EXERCISE BRIEF:
For each record below, set it down exactly but leave out any picture.

********

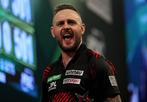 PDC World Darts Championship - Joe Cullen - Ondertekende, Verzamelen, Overige Verzamelen, Nieuw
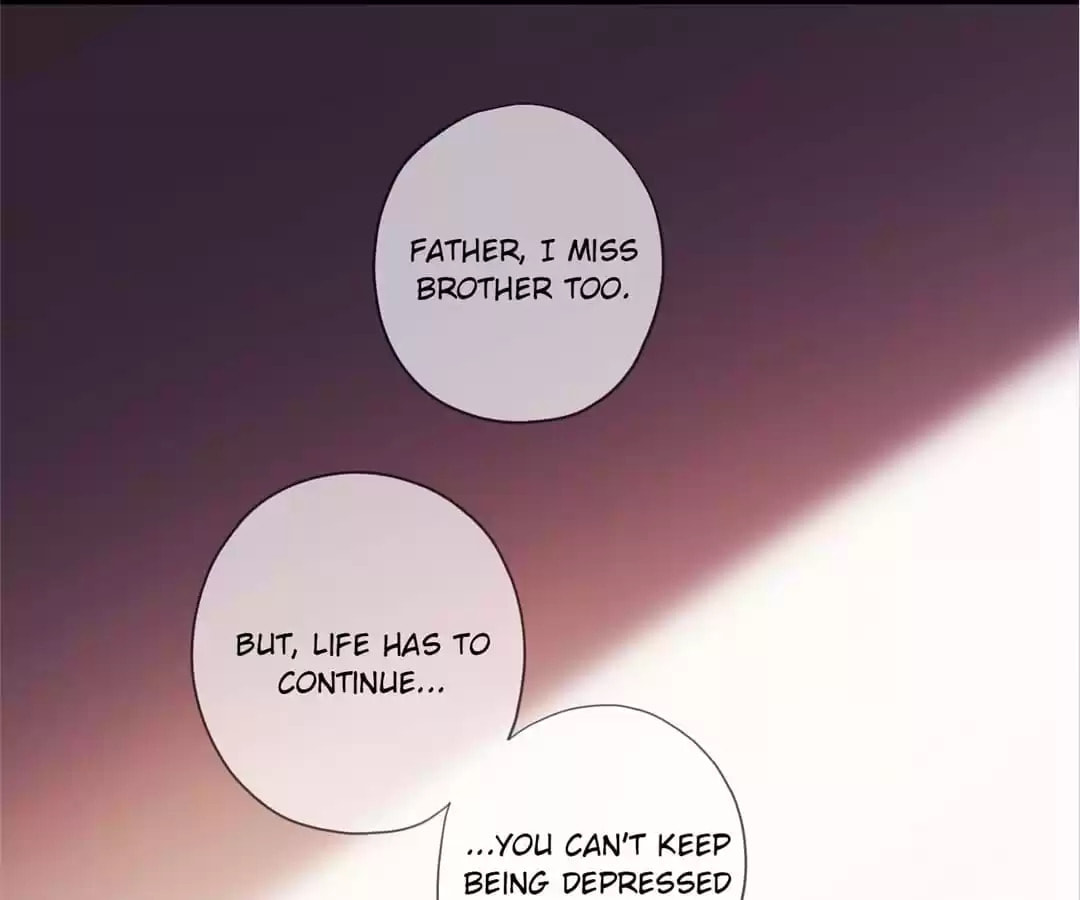 Sweet Bite Marks Chapter 187.1 page 25 - 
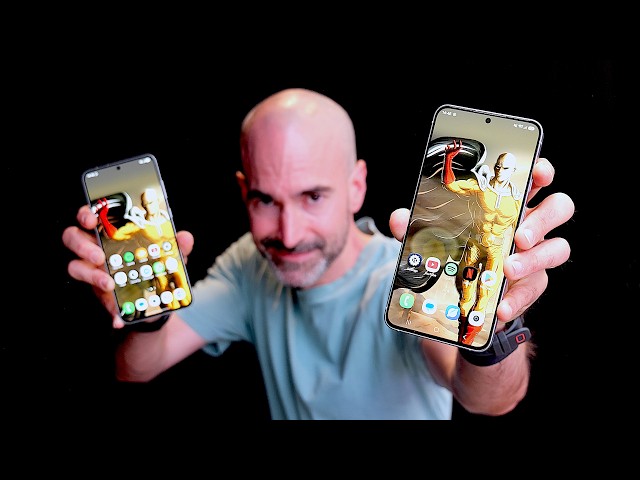 Samsung Galaxy S26 FE | ¿Qué hay de nuevo frente al S25 FE?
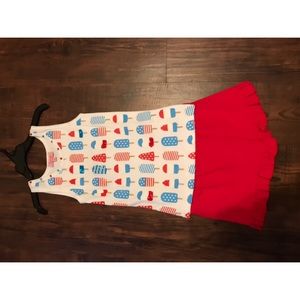 Haven Girl boutique set Sz 5 new with tags
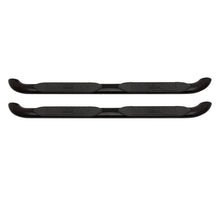 Load image into Gallery viewer, Westin 21-2775 Platinum 4 Oval Nerf Step Bars Fits 05-23 Tacoma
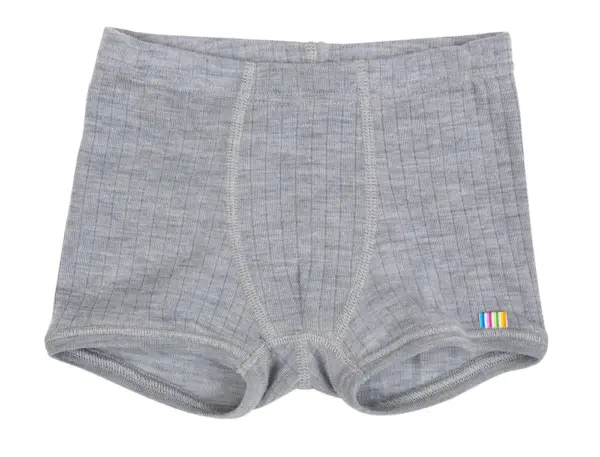 Boxershorts - Grå - 110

********

EXERCISE ANSWER:
 PDC World Darts Championship - Joe Cullen - Ondertekende, Verzamelen, Overige Verzamelen, Nieuw
 Sweet Bite Marks Chapter 187.1 page 25 - 
 Samsung Galaxy S26 FE | ¿Qué hay de nuevo frente al S25 FE?
 Haven Girl boutique set Sz 5 new with tags
 Load image into Gallery viewer, Westin 21-2775 Platinum 4 Oval Nerf Step Bars Fits 05-23 Tacoma
 Boxershorts - Grå - 110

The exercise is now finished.